Horlic and David, then love without sex = ??

Ho, I say "heart in vagina" because the women would feel "in love", not use their heads to convince themselves that they are "in love". It's "following their heart".

Charlie TT, each person has different needs and wants. These needs and wants change with time. Marriages and relationships end partly because the exchange of needs and wants doesn't feel like a fair exchange any more.

CharlieTT said...

Yu-Kym

I do agree with what you said - needs and wants change with time. That is why it's always important for couple to communicate on what he or she needs and wants and to strike a balance or give and take. There is no perfect in real life. Try changing partners and you will realise there is always flaw with the other person.
I would rather use 'complement one another for a better and happier life' than fair exchange. World is never fair. It's ok to lose sometimes. End of the day you might get back what you have lost with 'interest'. Yes, I mean the guy will treasure you more coz you are so willing to lose to him. Hope you get what I mean.

Yu-Kym said...

CharlieTT, what's considered "fair" varies from person to person. At first glance I thought "I mean the guy will treasure you more coz you are so willing to lose to him" meant he will treasure me more because I'm willing to lose him! Sadly, I wish I could agree with what you wrote but the truth is more towards what I initially thought I read.

David said...

Yu-Kym,

... David, then love without sex = ??

I am not aware of any research in this reverse scenario. However since most here agree that sex without love results in something meaningless, I doubt one can turn this around for love without sex.
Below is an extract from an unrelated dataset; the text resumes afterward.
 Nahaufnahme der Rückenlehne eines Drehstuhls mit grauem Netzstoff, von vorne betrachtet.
I am not aware of any couple, truly in love, who have not consumated the relationship.

Now for those here who doubt that love exist read no further.

The rest can please follow along.

When a relationship gets past that first episode of infatuation, raging phermones and a couple actually take time to get to know the other, then curiousity will lead to romantic encounters.
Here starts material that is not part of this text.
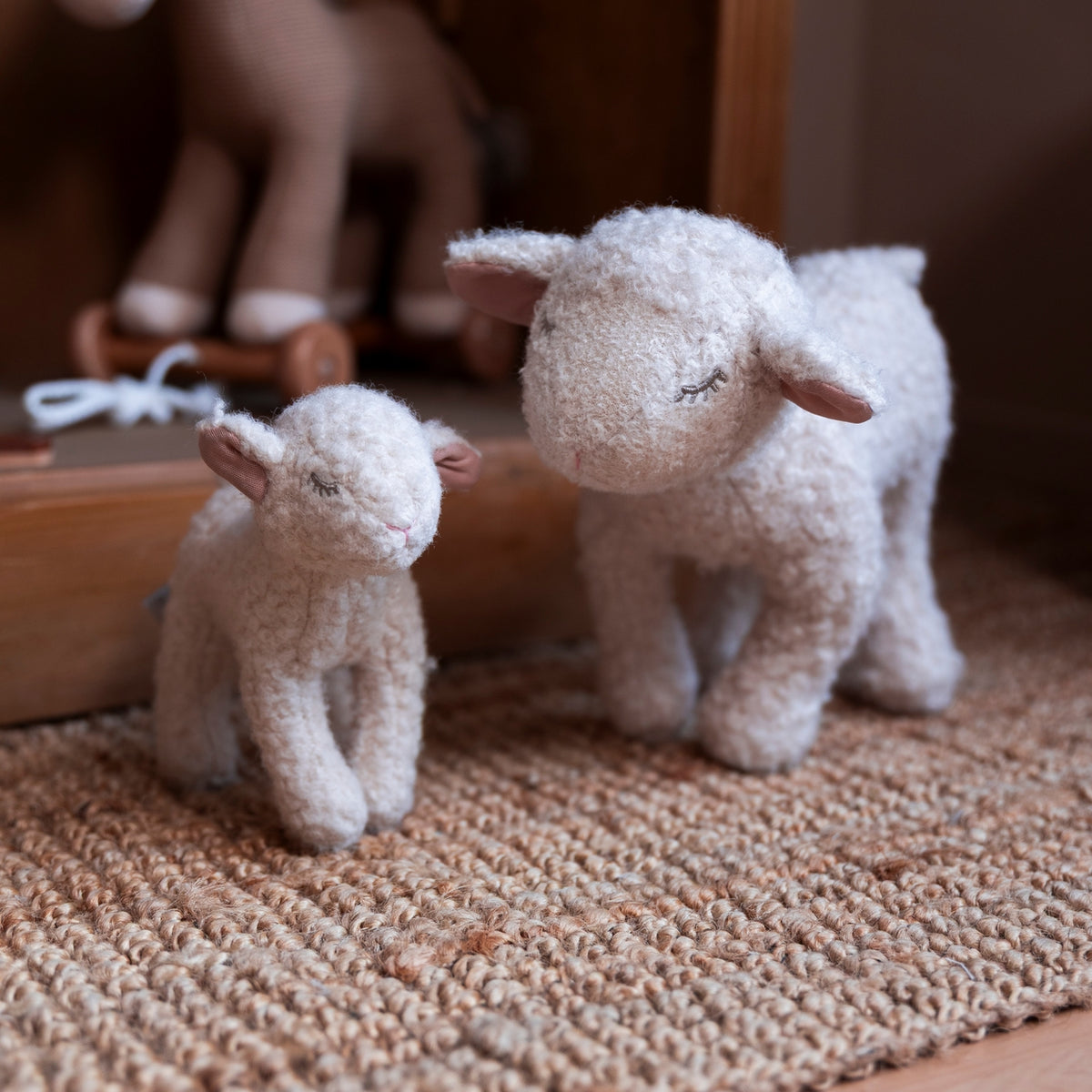 Two fluffy toy sheep on a textured surface with blurred background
I caution Yu-Kym's followers to be careful with ...I know of this couple really in love who never had sex...
One, two, or three examples of such behaviour is not proof of love without sex equaling a meaningless relationship.

Love has to grow from friendship, and if being friends, building trust, sharing intimate ideas and beliefs with another is not part of being a true friend one might love, then I am completly wrong about most everthing I have lived my life by.

David

Passion will move men beyond themselves, beyond their shortcomings, beyond their failures.

-- Joe Campbell

phil230 said...
This comment has been removed by a blog administrator.
Anonymous said...

i do agreed with Yu Kym on the chemicals produced in our brain. I had an experience with a ex before where i had open my door for him right after a few weeks we dated. We had sex very often and i really felt that i was in love with him but however, whenever we not have sex for a week or longer, we would start quarrel. After a period, i just noticed that i was "in love" with his skill but not him personally. He also even admited that he enjoyed to have it with me, and at the end, we broke up for good reason and we still meet up for a drink until todate.

Anonymous said...

I say whatever good or bad comes his way, if a man has his head in his penis he deserves it.

I say too if a woman has her heart in her vagina, she too deserves it, good or bad.

But at the end of it all, its the woman who suffers more and sometimes irreparably who has her heart or head in her vagina.

This is the unfair reality between the two sexes.

So you women out there, enjoy the good times when your head or heart is in your vagina but beware the very real possibility that you may be greatly hurt when you know you have your head in the wrong place and met the unscrupulous man.